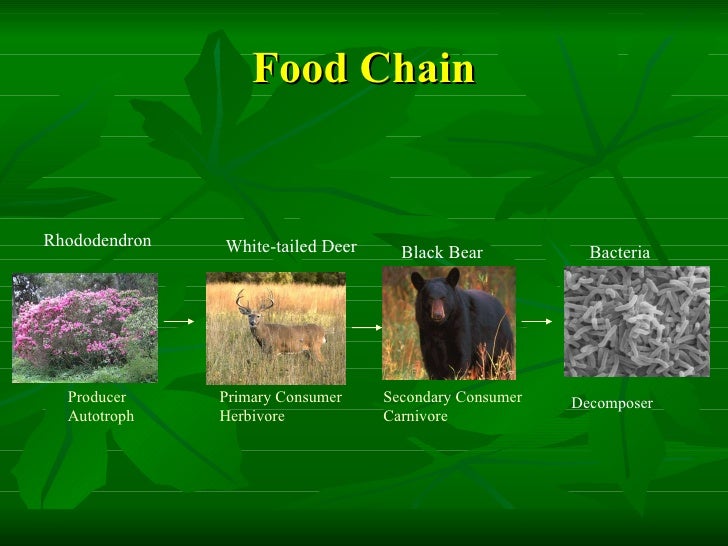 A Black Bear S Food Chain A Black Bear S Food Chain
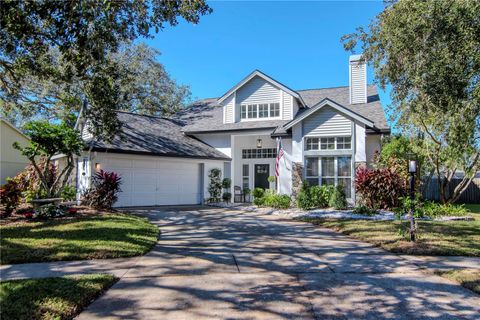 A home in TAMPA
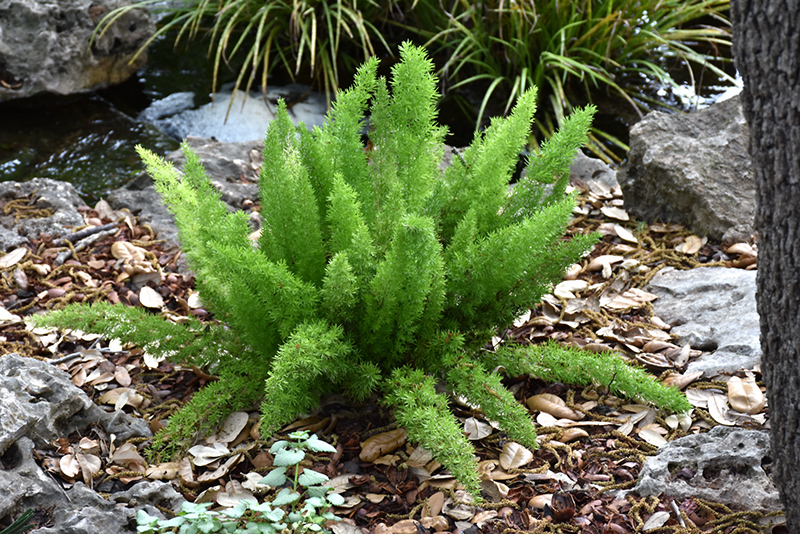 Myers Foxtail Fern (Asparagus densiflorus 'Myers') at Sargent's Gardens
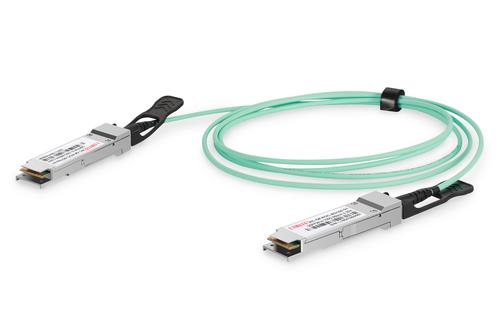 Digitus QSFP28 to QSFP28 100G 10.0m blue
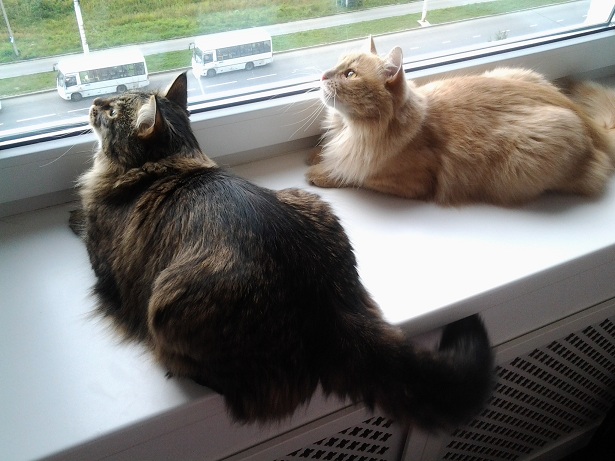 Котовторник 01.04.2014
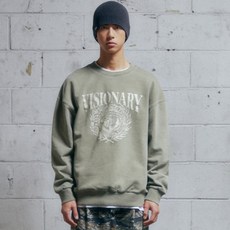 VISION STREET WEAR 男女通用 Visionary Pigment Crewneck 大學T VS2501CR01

## DIRECTIONS FOR THIS TASK
What is needed is an exact transcription of every entry, minus the pictures.

## ANSWER BELOW
 A Black Bear S Food Chain A Black Bear S Food Chain
 A home in TAMPA
 Myers Foxtail Fern (Asparagus densiflorus 'Myers') at Sargent's Gardens
 Digitus QSFP28 to QSFP28 100G 10.0m blue
 Котовторник 01.04.2014
 VISION STREET WEAR 男女通用 Visionary Pigment Crewneck 大學T VS2501CR01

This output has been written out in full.